Unfortunately, food companies with greedy ‘gimme gimme’ attitudes are taking an uninvited bite out of most Americans’ budgets this season while gorging themselves on fat profits. Meanwhile, food companies are trying to pin blame on agriculture for higher food prices.
To deflect attention from their own actions to keep food prices high, America’s large food companies are misleading the public by blaming increased use of corn for ethanol production for the higher cost of Thanksgiving dinner. However, only 1.4% of the price for the typical holiday meal for 10 this Thanksgiving can be attributed to the U.S. ethanol industry’s demand for corn, according to the Renewable Fuels Association (RFA).
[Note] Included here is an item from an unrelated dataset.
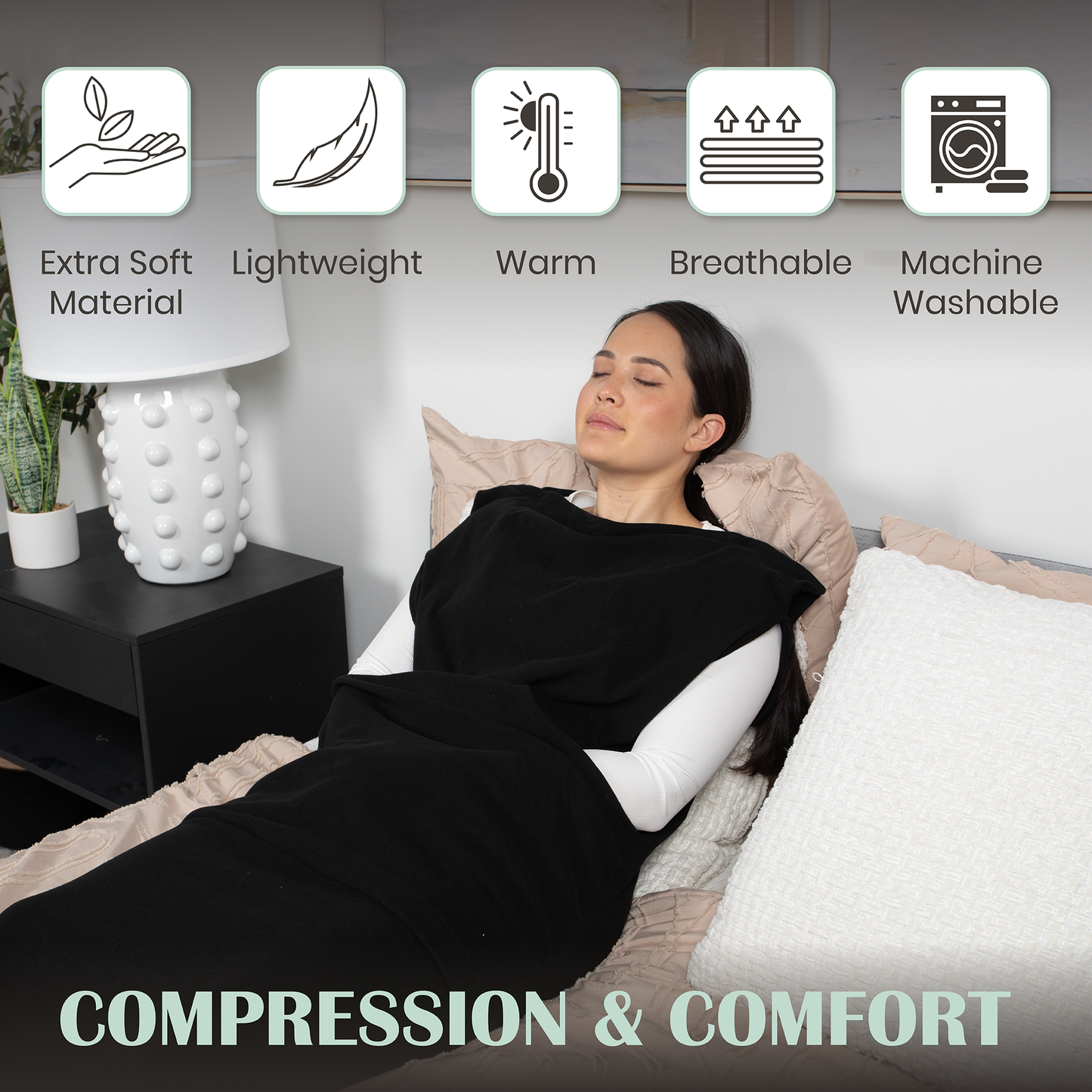 Black wearable compression hoodie-blanket with hood, covering torso, arms, and legs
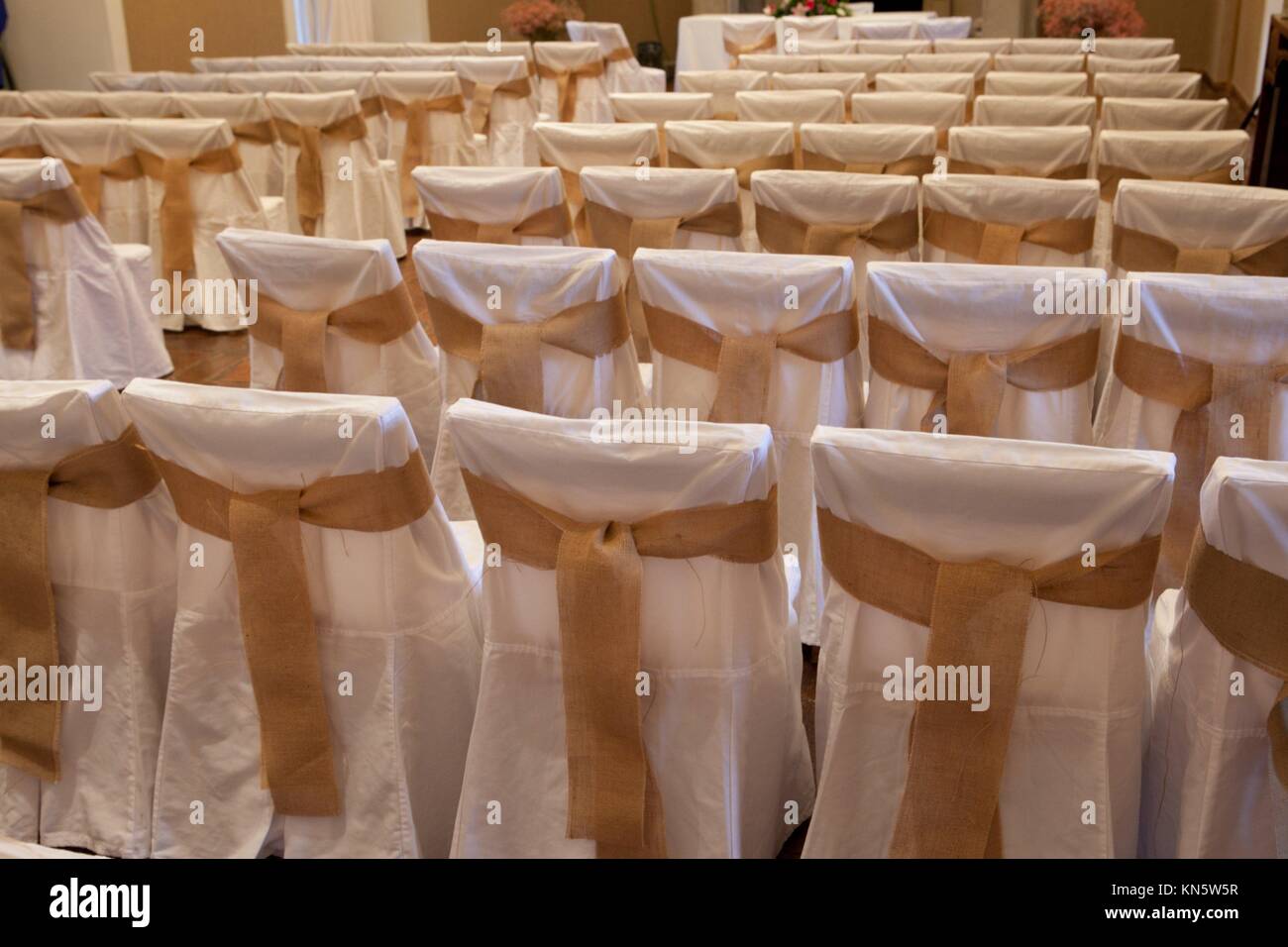 Rows of chairs at a wedding ceremony indoors. Stock Photo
If the proof is in the pudding, the pudding in this case is the reality that corn prices today are less than half of what they were at their peak. Input costs for food processors are way down but the prices they charge grocery shoppers continue to climb. Prices for virtually everything consumers buy – gasoline, airline tickets, clothing – dropped in October, except food prices.
The American Farm Bureau Federation’s 23rd annual informal price survey of classic items found on the Thanksgiving Day dinner table indicates the average cost of this year’s feast for 10 is $44.61, a $2.35 price increase from last year’s average of $42.26.
The cost of a 16-pound turkey, at $19.09 or roughly $1.19 per pound, reflects an increase of 9 cents per pound, or a total of $1.46 per turkey compared to 2007. This is the largest contributor to the overall increase in the cost of the 2008 Thanksgiving dinner. When corn is $4, there is 18.2 cents worth of corn in each pound of turkey. So the value of corn in that 16 pound turkey is just $2.91…leaving $16.18 attributed to labor, marketing, transportation, and profits for big food companies.
While the price of Thanksgiving dinner is higher this fall, the price of corn isn’t. A bushel of corn has decreased 21 percent from $4.28 on Nov. 21 last year to $3.39 on the same day this year (Dec. 2008 futures). If corn prices have decreased since last November, how could they possibly be responsible for the increase in the price of Thanksgiving dinner?
In addition, with fuel prices down during this holiday season, it will cost travelers less to take in the turkey. Ethanol is actually keeping gasoline prices even lower than they would otherwise be, up to 30 cents lower according to an Iowa State University’s study.
So as it turns out, ethanol’s biggest economic impact on this Thanksgiving season is the money saved for travelers to join their families for Thanksgiving this weekend.
I am thankful to be a farmer in the greatest nation raising food for the world. But I am also a consumer who is impacted by higher food costs like everyone else. As a producer who knows precisely how much my product impacts the prices of the food I buy or the fuel I use, this consumer trusts agriculture as the base of this nation providing affordable food and contributing to energy security through ethanol. Choosing ethanol is a way for all consumers to drive that message home to the food companies artificially stuffing their pockets with profits.